I sighed, staring at her blankly. I didn’t want to think about Hunter. I didn’t want to think about anything.

Taking the cue that the session was over, I rose shakily onto my feet. After a half-mumbled goodbye, I walked out of her office. I was beyond glad that we were done for the day.

I looked up at the clock in the waiting area and saw there were still ten minutes left before my uncle was due to pick me up. Taking a deep breath, I sat down before realizing this gave me time to clean myself up. I hopped back up and went to the bathroom to clean off my makeup. As I stared at my sunken eyes in the bathroom mirror, I couldn’t help but play Dr. Schwartz’s words over and over in my head. Was she right? More importantly, did I want her to be right?

Chapter Two

A NEW HOME

Uncle Stewart’s charcoal gray Buick sedan had pulled up to the curb when I came out. The sky was gray and sprinkling early April rain, so I was relieved he pulled up rather than parking in the lot and making me walk.

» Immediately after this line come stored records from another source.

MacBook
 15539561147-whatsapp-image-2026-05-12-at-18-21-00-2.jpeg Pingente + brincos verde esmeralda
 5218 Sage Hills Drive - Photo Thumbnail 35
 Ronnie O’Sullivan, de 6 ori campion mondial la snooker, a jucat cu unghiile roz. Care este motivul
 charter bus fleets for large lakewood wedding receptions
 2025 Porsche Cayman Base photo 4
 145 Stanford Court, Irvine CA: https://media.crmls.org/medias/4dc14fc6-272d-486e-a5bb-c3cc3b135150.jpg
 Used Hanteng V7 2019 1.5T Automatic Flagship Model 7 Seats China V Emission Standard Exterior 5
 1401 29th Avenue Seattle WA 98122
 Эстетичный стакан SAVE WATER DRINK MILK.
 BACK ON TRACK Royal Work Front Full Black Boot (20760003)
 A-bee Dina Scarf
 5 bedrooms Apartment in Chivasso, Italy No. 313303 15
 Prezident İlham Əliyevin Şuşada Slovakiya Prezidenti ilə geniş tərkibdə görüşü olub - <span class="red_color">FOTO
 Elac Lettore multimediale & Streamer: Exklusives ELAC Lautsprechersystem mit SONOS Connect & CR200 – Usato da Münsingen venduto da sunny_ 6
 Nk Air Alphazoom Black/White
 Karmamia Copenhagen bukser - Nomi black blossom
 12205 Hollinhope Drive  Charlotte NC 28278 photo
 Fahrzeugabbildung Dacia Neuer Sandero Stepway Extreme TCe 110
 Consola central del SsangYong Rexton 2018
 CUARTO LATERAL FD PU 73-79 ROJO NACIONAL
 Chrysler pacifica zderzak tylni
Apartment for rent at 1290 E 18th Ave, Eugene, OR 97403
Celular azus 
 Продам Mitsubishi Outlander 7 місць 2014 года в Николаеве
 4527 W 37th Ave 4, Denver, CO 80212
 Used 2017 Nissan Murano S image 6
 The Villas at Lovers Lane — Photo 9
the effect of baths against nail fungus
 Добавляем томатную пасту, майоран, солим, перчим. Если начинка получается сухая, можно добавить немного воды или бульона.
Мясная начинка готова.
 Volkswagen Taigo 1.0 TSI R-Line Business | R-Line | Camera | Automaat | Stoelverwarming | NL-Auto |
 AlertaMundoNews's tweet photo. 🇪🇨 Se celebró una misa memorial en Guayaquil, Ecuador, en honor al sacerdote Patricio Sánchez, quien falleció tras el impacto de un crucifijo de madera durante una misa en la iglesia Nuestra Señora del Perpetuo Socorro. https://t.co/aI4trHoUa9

“How was it?” he asked, as soon as I was safely inside. He was wearing a black fleece with his company’s logo over a white oxford shirt and pleated chinos. It was his work outfit. He had just gotten off.

“Pretty good,” I answered, deciding to simplify things. In reality, my mind was in a million places and I felt like my body had been emptied of tears.

He nodded, pursed his lips, and began driving me the twenty minutes home. My uncle was typically a quiet man, so for him to even ask me about my appointment was a little unusual. He and my aunt were very worried about the way I’d been acting since I got back to their house. I could almost hear my aunt asking me delicately if I might be sleeping too much.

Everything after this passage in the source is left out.